REPS LIEU AND PASCRELL HAMMER REPUBLICANS SHIELDING TRUMP'S ABUSES
WASHINGTON, DC – Congressmen Ted W. Lieu (D-Los Angeles County) and Bill Pascrell, Jr. (D-NJ) today denounced the Republican-led House Judiciary Committee after it voted along party lines to block the passage of H. Res. 928, their Resolution of Inquiry that would impose proper oversight of Donald Trump’s abuse of the pardon power. Following the committee hearing on the resolution, Pascrell and Lieu issued a joint statement:
“Donald Trump’s abuse of his pardon power continues to represent a danger to our constitutional foundations. In virtually no other domestic area is the President’s power so unrestrained. Individual pardons are not subject to judicial review, and so the executive holds life-and-death authority at the stroke of a pen. Based on his actions, this power has clearly enamored a man who once played an executive on the television. Through pardons, the law gets to be what the President says it is. By pardoning unrepentant felons and racists, as well as anyone famous enough to grab his ear, Donald Trump is abusing that power and contemplating terrifying further ignominies.
“In ordinary times, such acts alone might be considered impeachable offenses or at the least the focus of intense scrutiny. But 286 congressional Republicans have said nary a word. And today, congressional Republicans have chosen, yet again, to look the other way to rampant corruption in this administration. That corruption is eating away at the bedrocks of this republic that have been laid and repeatedly fortified, regardless of party, for 242 years. We do not accept it. We will continue to exercise every tool at our disposal to stop this debasement. This fight isn’t over.”
The Lieu/Pascrell Resolution of Inquiry directed the Attorney General Jeff Sessions to provide to the House of Representatives any documents, recordings, memos, records, or other communications relating to any pardon Donald Trump has issued or has considered issuing, including those potentially involving Michael Cohen, Paul Manafort, Mike Flynn, George Papadopoulos, and anyone else including Trump’s family and himself.
Resolutions of Inquiry are one of the methods used by the House to obtain information from the executive branch. The House traditionally ‘‘requests’’ the President and ‘‘directs’’ the heads of executive departments to furnish information. The House Judiciary Committee has 14 legislative days from its introduction to consider the resolution. In this instance, the committee acted to take up the resolution for consideration. Had they not, either favorably or unfavorably, the resolution is sent to the House floor for consideration.
Article II, Section 2 of the U.S Constitution posits that the President “shall have Power to Grant Reprieves and Pardons for Offenses against the United States, except in Cases of Impeachment.” This allows the President to free any American from federal criminal liability, as well as commute sentences or restore rights diminished by conviction.

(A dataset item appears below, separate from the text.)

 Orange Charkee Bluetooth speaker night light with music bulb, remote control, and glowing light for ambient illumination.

A pardon can cover past acts and be applied whether a person is under investigation, is on trial, has been convicted, or has long been out of prison. The power is not subject to judicial review.

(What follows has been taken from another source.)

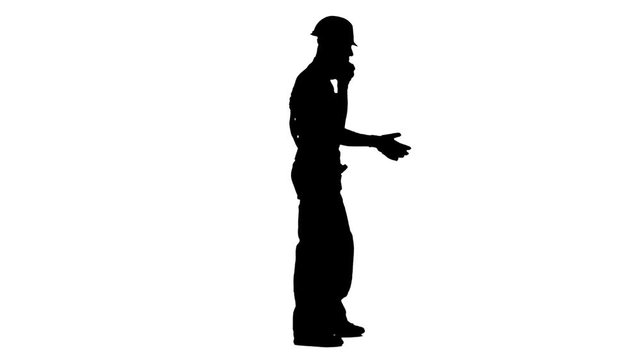 Foreman in a helmet and gloves speaks on the phone. White background. Silhouette. Side view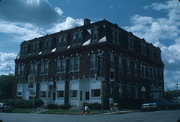 108 N WASHINGTON ST, a Second Empire lodging-hotel, built in Lancaster, Wisconsin in 1884.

Donald Trump’s exercise of the pardon power so far, and his ruminations of that power, constitute perhaps the most disturbing pattern of his presidency so far. Last August Trump pardoned the former sheriff of Arizona’s largest county, Joe Arpaio, following his conviction for imposing a reign of racial profiling terror against Latinos and for the systematic mistreatment of prisoners in his custody. In April, he pardoned Lewis “Scooter” Libby, the former top aide to Vice President Dick Cheney, who was convicted in 2007 of perjury, lying to FBI agents, and obstruction of justice. And last week, he pardoned right wing commentator Dinesh D’Souza, a well-known race baiter convicted of a campaign finance felony. None of these individuals ever expressed responsibility or contrition – the bedrock requirement for previous administrations to even be considered the honor of a pardon.

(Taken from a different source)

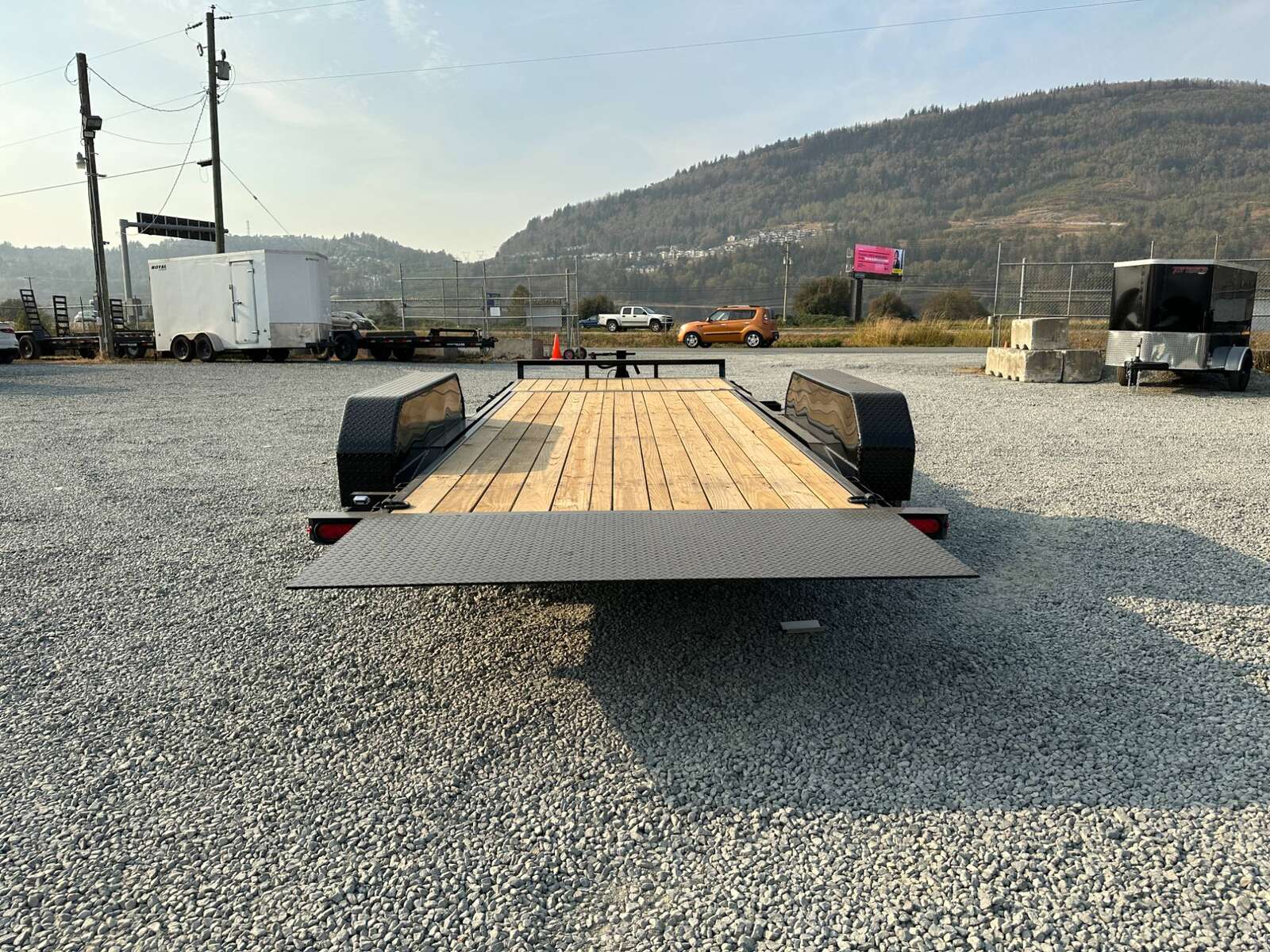 Photo of 2025 Suretrac 7x16+4 HD Tilt Deck Equipment Trailer w/ 4ft Stationary Section 14,000lb GVW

Trump has mused about using his pardon power to absolve the legal liability his aides and his family members to block possible indictments. He has openly bragged about pardoning himself – an absurd proposition that would elevate the American presidency to the status of a monarch above all laws.
As Donald Trump has ramped up his abuse of the pardon power, Democrats on the House Judiciary Committee have been increasingly active in highlighting the dangers of Trump’s pardon measures and statements and demanding oversight hearings. This week, Committee Democrats sent a letter to White House Counsel Don McGahn demanding information from McGahn on Trump’s pardons and the procedures the White House has gone through in making its pardon decisions. H.Res. 928 constitutes the next step in shining light on the urgency of the pardons issue and the threat Trump’s behavior poses.
Last week, Reps. Lieu and Pascrell authored an op-ed in USA Today on the subject last week.